I'm programming a pic 16f870 with a pickit2. all has been working fine till today. I now get a message "programming failed at program memory address oxoooo5c) (or 0x000033). I've checked everything and recompiled and reloaded the hex but still gives same message. I do not understand how to read hex or if it even can be read so I don't know where to go from here. Help would be greatly appreaciated
PS Chip is not very old (programmed maybe 30 times)
AGCB!! I had a similar issue last week.. I was trying to program a pic12f675...I have done this a million times, but out of the blue it failed. I tried about 10 times, until I noticed the voltage was sitting at 4.5V instead of the normal 5.0V... I changed it back and now it works... The thing was, I never changed it, and I'm the only one who uses it.

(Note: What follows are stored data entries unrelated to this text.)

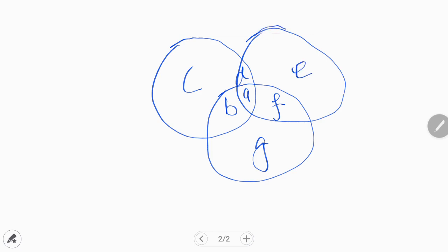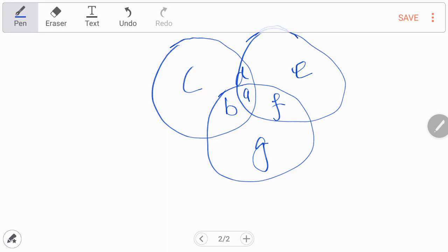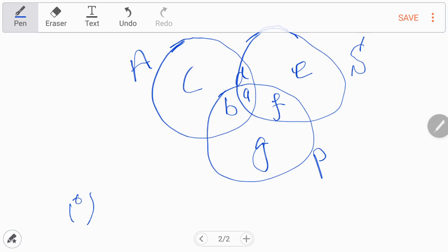Each of these circles represents a group: this circle represents Americans, this circle represents scientists, and this circle represents politicians. In the first condition, you have to choose Americans that are politicians.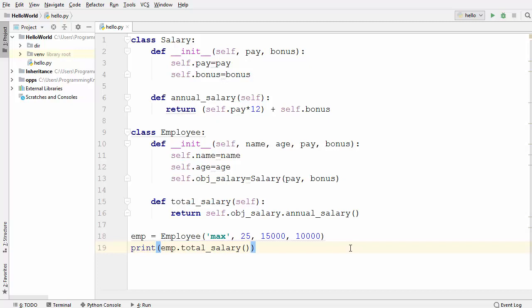One more example of composition is a Book class and a Chapter class. A chapter is not a book and a book is not a chapter, but we can delegate some responsibility from a Book class to the Chapter class. This is how you can use composition in Python.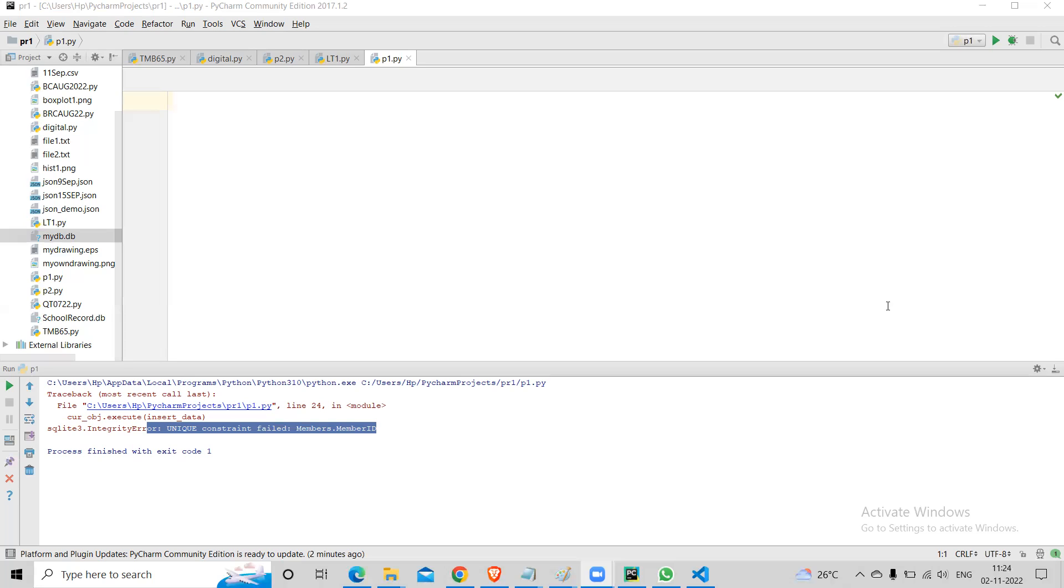For example, the last one we did, we created a class and we gave values, right? So we gave input values and we wrote the logic there - print or add or calculate. We gave input, we gave operations to perform and then it gives us the output.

Yes. I checked the voltage and everything I can think of. Shut down everything and reloaded. Searched for what 3VO said but can't find anything. I just programmed this earlier today, several times and all worked great, but now keeps coming up this 0x00033 location problem. I don't know what to do next.
Have you tried the chip? Does it work? Is it really a faulty location.
I get around it by having a different programmer as a back-up and re-programming the chip.
I tried a different chip and it does the same but with a different location. Sometimes 0x0000. Tried a different usb port and troubleshot pickit2. Same thing
No. It's a clone. When I bought it I did not know about such things. Where is the best place to buy a genuine. Microchip denied my credit card for "general" reasons. Whatever that is. Guess I did not spend enough money with them for the "bother"!
Seems to work if I open the programmer and import the hex before inserting the chip and turning on Vcc. It worked for 13 months and programmed at least a thousand times without a glitch till yesterday.
1. You may have worn out the micro.
2. You may have damaged the micro.
3. You may have "locked-up" the micro. - it may not be re-programming.
Try shorting all the pins as the slightest remaining voltage on the chip will keep it locked-up.